═════ Dataset content ═════

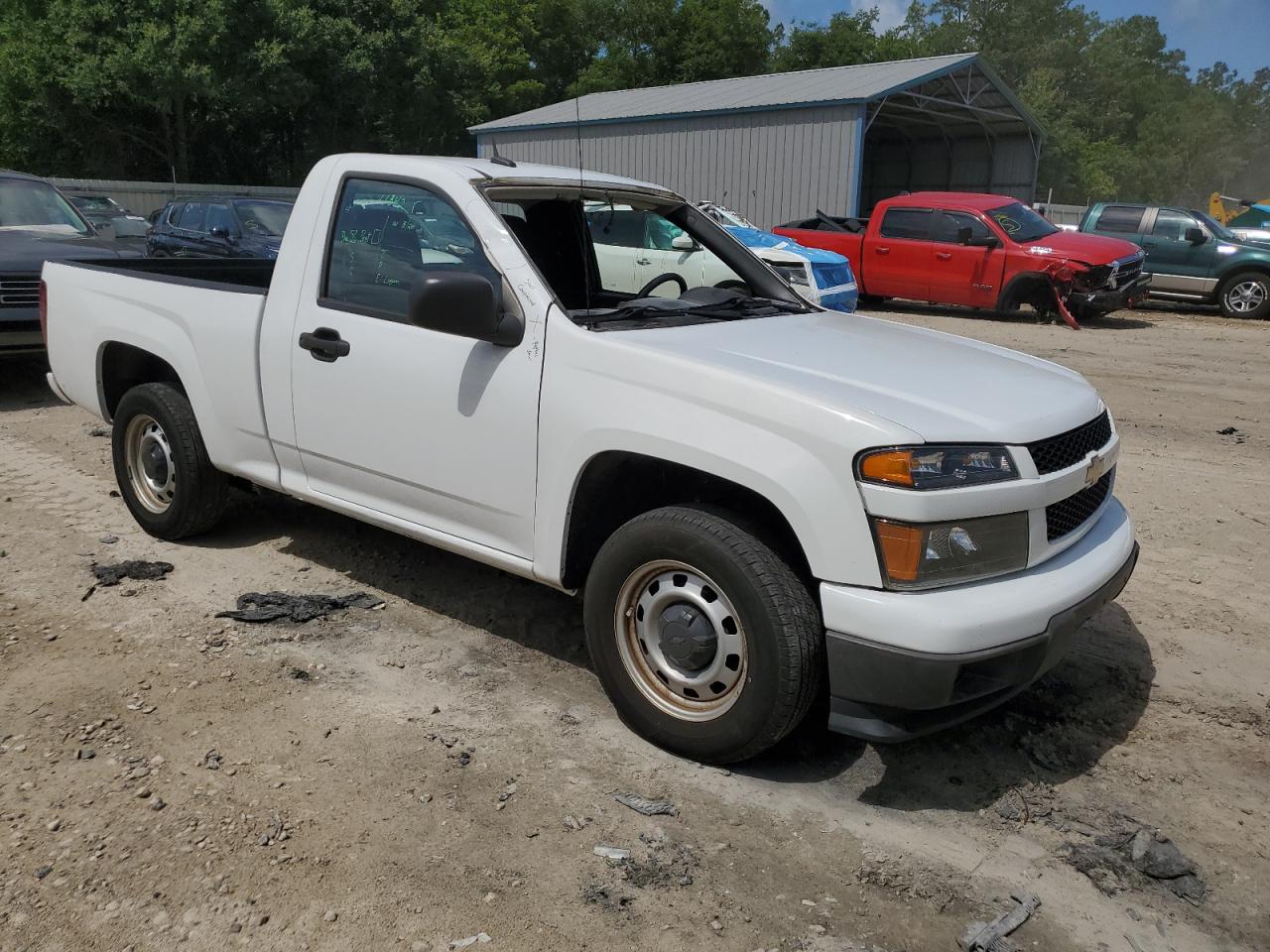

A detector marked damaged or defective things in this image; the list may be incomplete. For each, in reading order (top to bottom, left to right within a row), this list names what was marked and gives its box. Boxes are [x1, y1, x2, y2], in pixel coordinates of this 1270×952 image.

damaged vehicle [40, 158, 1135, 766]
damaged vehicle [774, 191, 1151, 329]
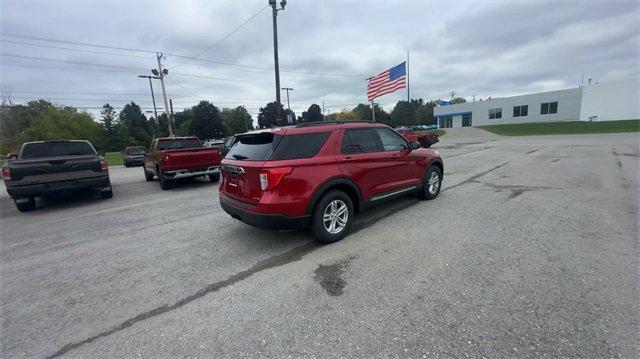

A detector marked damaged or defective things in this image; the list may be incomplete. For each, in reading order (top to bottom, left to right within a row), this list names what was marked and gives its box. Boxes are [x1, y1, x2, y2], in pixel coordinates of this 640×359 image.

crack in pavement [45, 240, 320, 358]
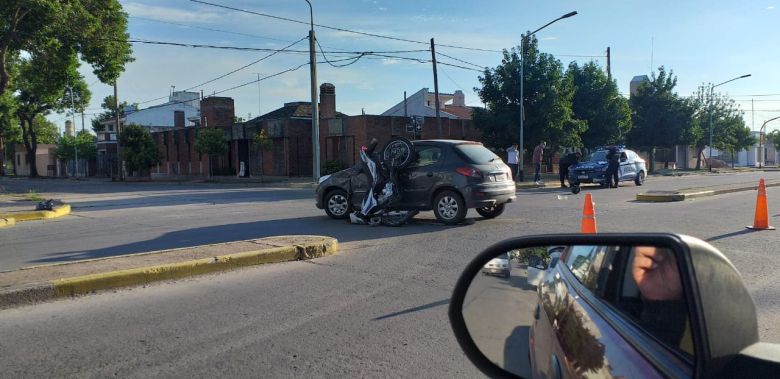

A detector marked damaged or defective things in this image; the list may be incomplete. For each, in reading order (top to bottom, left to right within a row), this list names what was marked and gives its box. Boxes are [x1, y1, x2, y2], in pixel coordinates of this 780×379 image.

overturned motorcycle [348, 137, 420, 226]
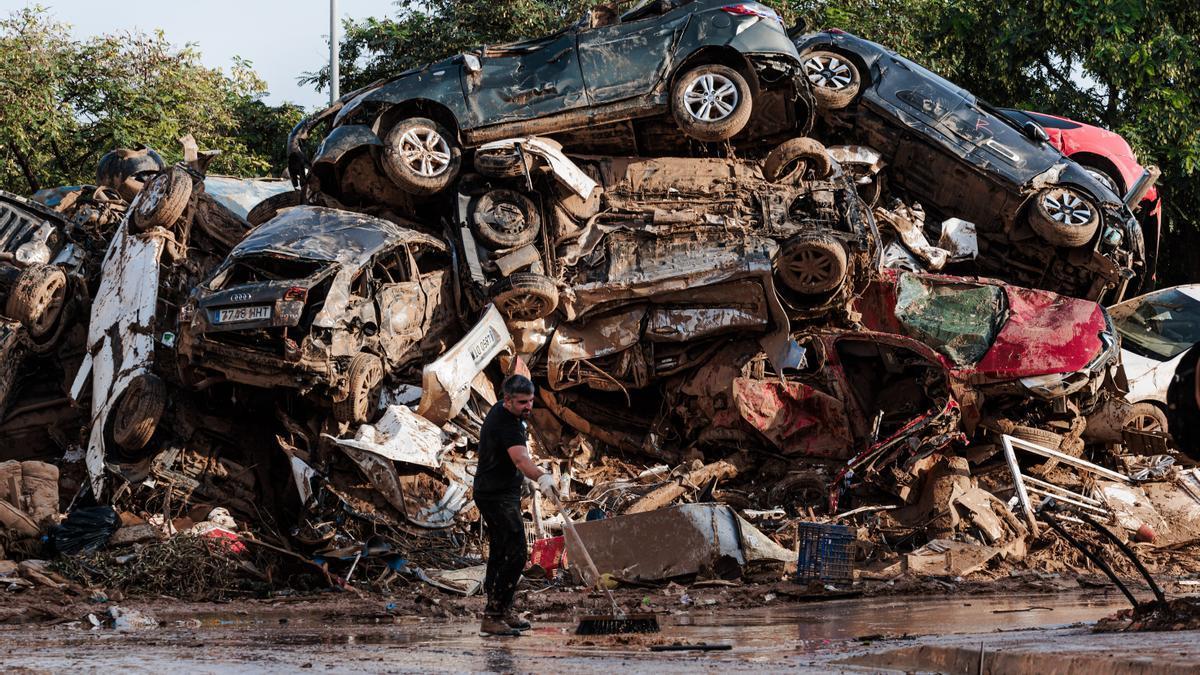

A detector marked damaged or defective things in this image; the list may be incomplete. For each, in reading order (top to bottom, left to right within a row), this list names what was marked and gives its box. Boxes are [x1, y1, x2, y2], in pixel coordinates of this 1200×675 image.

overturned car [175, 207, 456, 422]
shattered windshield [897, 270, 1008, 365]
shattered windshield [1104, 289, 1200, 362]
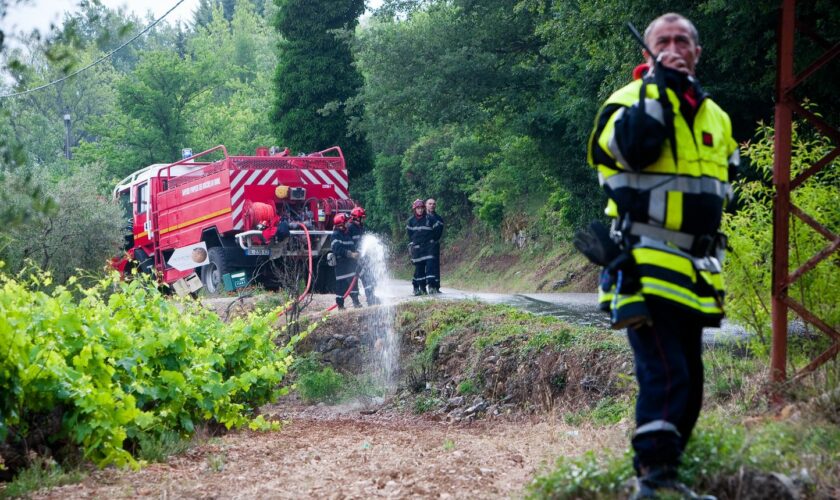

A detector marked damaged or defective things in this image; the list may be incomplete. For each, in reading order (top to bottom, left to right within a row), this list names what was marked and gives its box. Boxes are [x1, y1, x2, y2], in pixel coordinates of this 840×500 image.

rusted metal frame [792, 41, 840, 90]
rusted metal frame [788, 100, 840, 145]
rusty metal pole [768, 0, 796, 386]
rusted metal frame [772, 0, 796, 384]
rusted metal frame [792, 147, 836, 190]
rusted metal frame [792, 203, 836, 242]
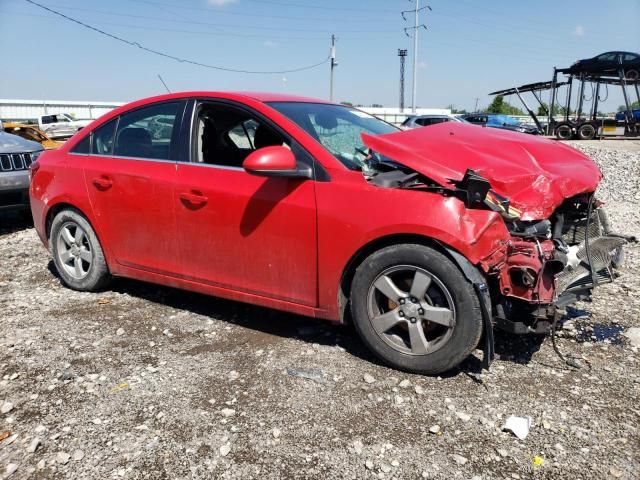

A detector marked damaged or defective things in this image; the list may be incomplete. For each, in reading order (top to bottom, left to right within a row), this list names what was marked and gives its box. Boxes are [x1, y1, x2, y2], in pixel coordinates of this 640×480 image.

crumpled hood [0, 131, 42, 154]
damaged red car [30, 92, 632, 374]
crumpled hood [362, 124, 604, 221]
crushed front end [488, 192, 632, 334]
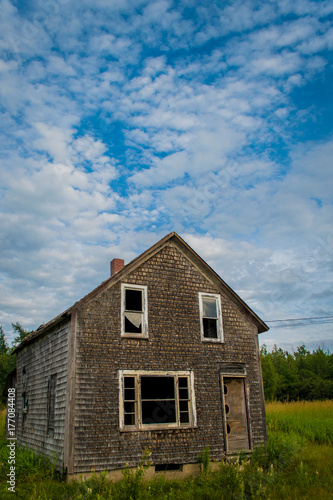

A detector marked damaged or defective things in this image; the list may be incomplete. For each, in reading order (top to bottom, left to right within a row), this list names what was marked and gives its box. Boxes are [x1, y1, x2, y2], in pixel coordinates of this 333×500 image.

broken window [120, 284, 147, 338]
broken window [198, 292, 222, 342]
broken window [119, 372, 195, 430]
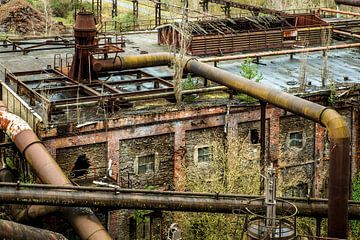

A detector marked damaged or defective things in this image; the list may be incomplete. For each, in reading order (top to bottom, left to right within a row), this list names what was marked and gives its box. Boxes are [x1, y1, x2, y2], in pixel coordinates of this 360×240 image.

rusty pipe [91, 53, 350, 238]
large rusted pipeline [91, 53, 350, 239]
rusty pipe [0, 102, 111, 238]
large rusted pipeline [0, 103, 111, 240]
broken window [70, 155, 90, 177]
broken window [138, 154, 155, 174]
large rusted pipeline [0, 219, 67, 240]
rusty pipe [0, 219, 67, 240]
rusted metal sheet [0, 219, 67, 240]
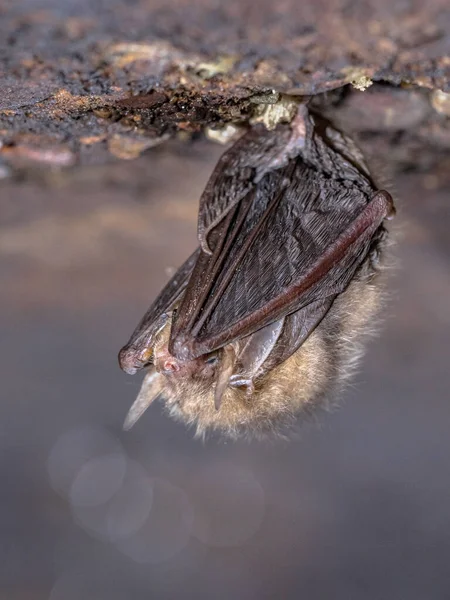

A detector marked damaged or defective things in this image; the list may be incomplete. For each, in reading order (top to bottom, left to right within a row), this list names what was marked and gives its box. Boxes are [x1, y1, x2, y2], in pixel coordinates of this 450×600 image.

rusty textured surface [0, 0, 448, 173]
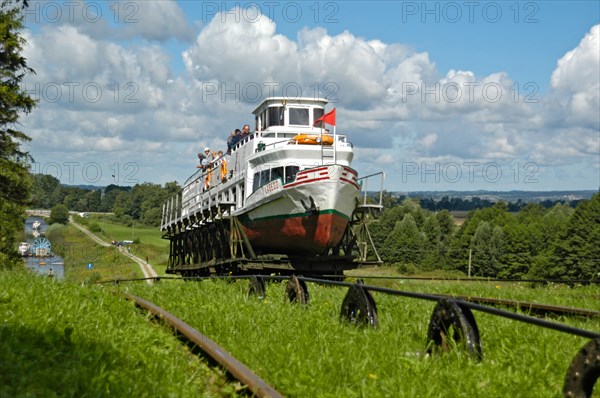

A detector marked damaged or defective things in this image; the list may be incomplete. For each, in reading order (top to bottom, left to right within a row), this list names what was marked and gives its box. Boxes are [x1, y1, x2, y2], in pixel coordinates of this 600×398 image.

rusty railway track [123, 290, 282, 396]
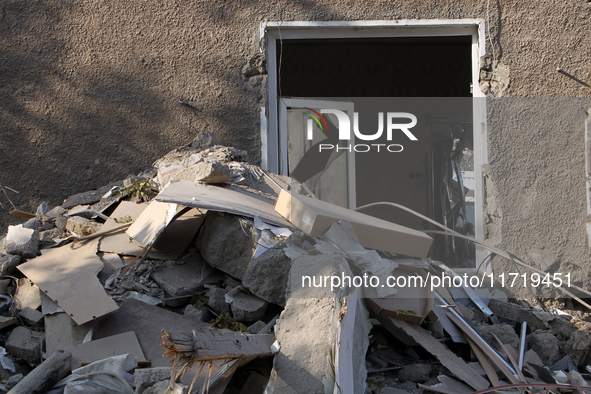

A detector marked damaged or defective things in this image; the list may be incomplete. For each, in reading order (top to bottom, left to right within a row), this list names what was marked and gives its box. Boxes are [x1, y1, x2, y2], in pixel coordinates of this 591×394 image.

damaged building wall [1, 0, 591, 280]
broken concrete chunk [3, 225, 39, 258]
broken concrete chunk [66, 215, 102, 237]
broken concrete chunk [197, 212, 256, 280]
broken concrete chunk [0, 254, 20, 276]
broken concrete chunk [243, 246, 292, 304]
broken concrete chunk [17, 306, 43, 324]
broken concrete chunk [205, 286, 230, 314]
broken concrete chunk [229, 288, 268, 324]
broken concrete chunk [4, 326, 44, 364]
broken concrete chunk [474, 322, 520, 352]
broken concrete chunk [528, 330, 564, 366]
broken concrete chunk [560, 324, 591, 366]
broken concrete chunk [136, 366, 176, 394]
broken concrete chunk [398, 364, 434, 382]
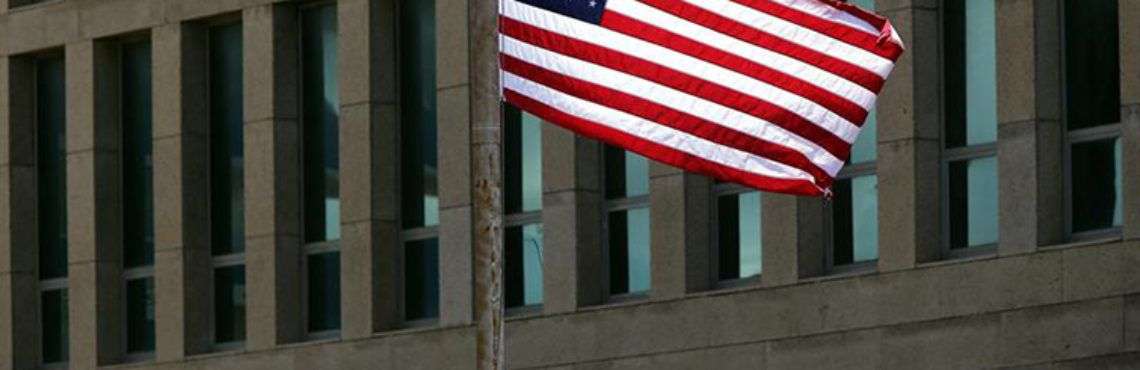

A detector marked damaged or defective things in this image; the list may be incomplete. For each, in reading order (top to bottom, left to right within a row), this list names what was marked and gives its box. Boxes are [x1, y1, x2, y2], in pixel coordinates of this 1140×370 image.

rust stain on pole [471, 0, 508, 366]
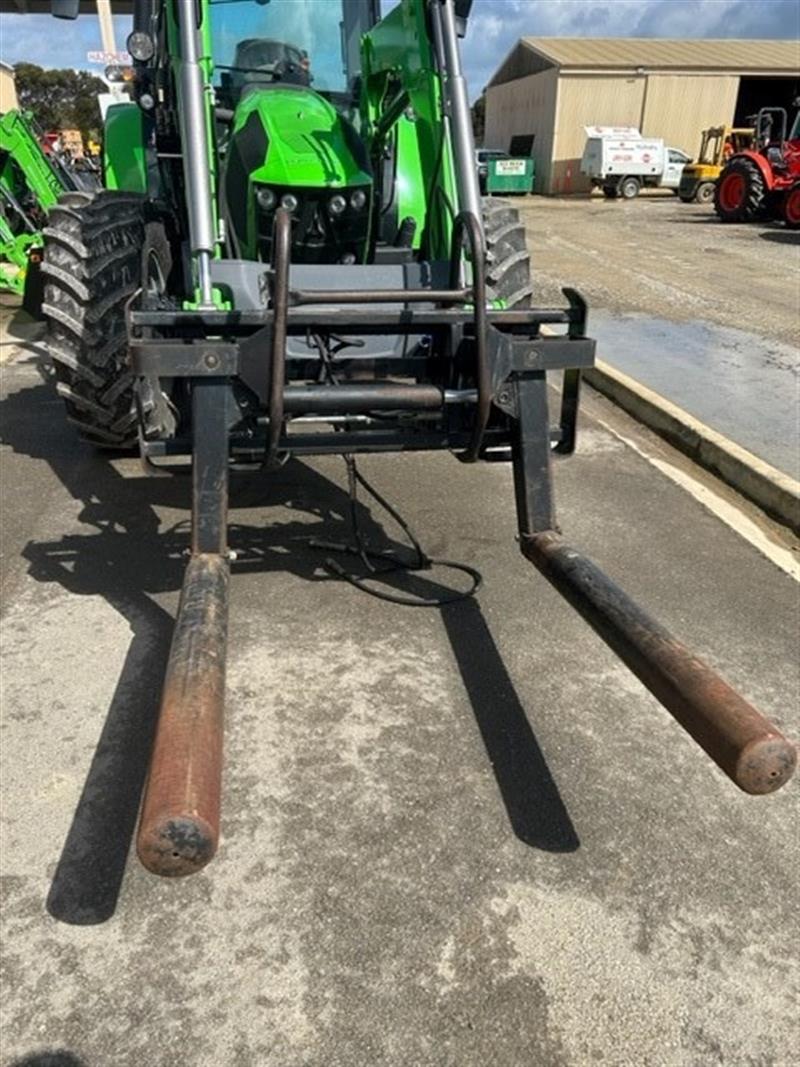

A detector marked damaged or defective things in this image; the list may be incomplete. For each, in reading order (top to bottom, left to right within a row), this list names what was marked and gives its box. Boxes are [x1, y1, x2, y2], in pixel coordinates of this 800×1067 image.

rusted metal surface [137, 550, 230, 874]
rusted metal surface [522, 531, 797, 793]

═════

What this task involves: Retype the records exactly. Any image in them should not appear in what you write.

Your response:
A detector marked damaged or defective things in this image; the list may be incomplete. For each, in reading order (top to bottom, left to right within a row), this list names what was marked and gives its box. Boxes are [x1, y1, x2, y2], in pixel coordinates of this 1270×952 image.

damaged vehicle [40, 158, 1135, 766]
damaged vehicle [774, 191, 1151, 329]

A detector marked damaged or defective things in this image; the list may be incomplete. For each, in reading order (top to bottom, left to right within a row), this list names what was marked and gives its box. Boxes are [x1, y1, x2, y2], in pixel coordinates of this 640×359 image.

crack in pavement [45, 240, 320, 358]

A detector marked damaged or defective things in this image; the list may be incomplete. For each, in reading order (top to bottom, left to right within a row), this list names what was marked and gives its box. Boxes are [x1, y1, x2, y2], in pixel coordinates of this 780×379 image.

overturned motorcycle [348, 137, 420, 226]

A detector marked damaged or defective things in this image; the list may be incomplete. For each, in reading order (top to bottom, left to right within a row), this list names what was marked and gives its box. Boxes are [x1, y1, x2, y2], in pixel coordinates of this 1200×675 image.

overturned car [175, 207, 456, 422]
shattered windshield [897, 270, 1008, 365]
shattered windshield [1104, 289, 1200, 362]

A detector marked damaged or defective things in this image; the list may be incomplete. For each, in reading order (top to bottom, left to right within a row), this list names what was marked and gives its box. Boxes are [x1, y1, x2, y2], in pixel coordinates of this 840×500 image.

rusted metal frame [792, 41, 840, 90]
rusted metal frame [788, 100, 840, 145]
rusty metal pole [768, 0, 796, 386]
rusted metal frame [772, 0, 796, 384]
rusted metal frame [792, 147, 836, 190]
rusted metal frame [792, 203, 836, 242]

A detector marked damaged or defective things in this image; the list may be incomplete. For each, in reading order (top to bottom, left to right within a row), this list names what was marked and gives its box. Boxes are [x1, y1, x2, y2], in pixel coordinates of this 640×480 image.

crumpled hood [0, 131, 42, 154]
damaged red car [30, 92, 632, 374]
crumpled hood [362, 124, 604, 221]
crushed front end [488, 192, 632, 334]

A detector marked damaged or defective things in this image; the list may be incomplete. For each, in reading order (top to bottom, left to right within a row), this list names what was marked and gives its box. Boxes are [x1, y1, x2, y2], in pixel coordinates of this 333×500 image.

broken window [120, 284, 147, 338]
broken window [198, 292, 222, 342]
broken window [119, 372, 195, 430]

A detector marked damaged or defective things in this image; the list may be incomplete. For each, in reading order (top to bottom, left to right within a row), this list names what was marked and gives its box. Boxes are [x1, y1, x2, y2], in pixel coordinates of this 360×240 image.

rusty pipe [91, 53, 350, 238]
large rusted pipeline [91, 53, 350, 239]
rusty pipe [0, 102, 111, 238]
large rusted pipeline [0, 103, 111, 240]
broken window [70, 155, 90, 177]
broken window [138, 154, 155, 174]
large rusted pipeline [0, 219, 67, 240]
rusty pipe [0, 219, 67, 240]
rusted metal sheet [0, 219, 67, 240]

A detector marked damaged or defective things in this image; the list may be incomplete. For each, in reading order (top to bottom, left to right within a row), this list names what was marked and gives its box. Boxes are [x1, y1, x2, y2], in pixel coordinates of this 450×600 image.

rusty textured surface [0, 0, 448, 173]

A detector marked damaged or defective things in this image; the list may be incomplete. For each, in reading order (top to bottom, left to right within a row), this list names what was marked and gives its box. Boxes are [x1, y1, x2, y2], in pixel coordinates of this 600×398 image.

rusty railway track [123, 290, 282, 396]

A detector marked damaged or defective things in this image; the list may be incomplete. For each, in reading order (top to bottom, left to right within a row), this list names what was marked and gives its box. Boxes are [x1, y1, x2, y2], in pixel coordinates of this 591×394 image.

damaged building wall [1, 0, 591, 280]
broken concrete chunk [3, 225, 39, 258]
broken concrete chunk [66, 215, 102, 237]
broken concrete chunk [197, 212, 256, 280]
broken concrete chunk [0, 254, 20, 276]
broken concrete chunk [243, 246, 292, 304]
broken concrete chunk [17, 306, 43, 324]
broken concrete chunk [205, 286, 230, 314]
broken concrete chunk [229, 288, 268, 324]
broken concrete chunk [4, 326, 44, 364]
broken concrete chunk [474, 322, 520, 352]
broken concrete chunk [528, 330, 564, 366]
broken concrete chunk [560, 324, 591, 366]
broken concrete chunk [136, 366, 176, 394]
broken concrete chunk [398, 364, 434, 382]

A detector marked damaged or defective things in this image; the list may be incomplete. For each, in reading order (top to bottom, left to right within a row), this list names what was marked and gives its box. Boxes are [x1, y1, x2, y2], in pixel coordinates of this 1140×370 image.

rust stain on pole [471, 0, 508, 366]

A detector marked damaged or defective things in this image; the list may be incomplete. For each, in reading order (top to bottom, left to right within a row), this list names what was marked and gives its box. Boxes are [x1, y1, x2, y2], in pixel coordinates of this 800×1067 image.

rusted metal surface [137, 550, 230, 874]
rusted metal surface [522, 531, 797, 793]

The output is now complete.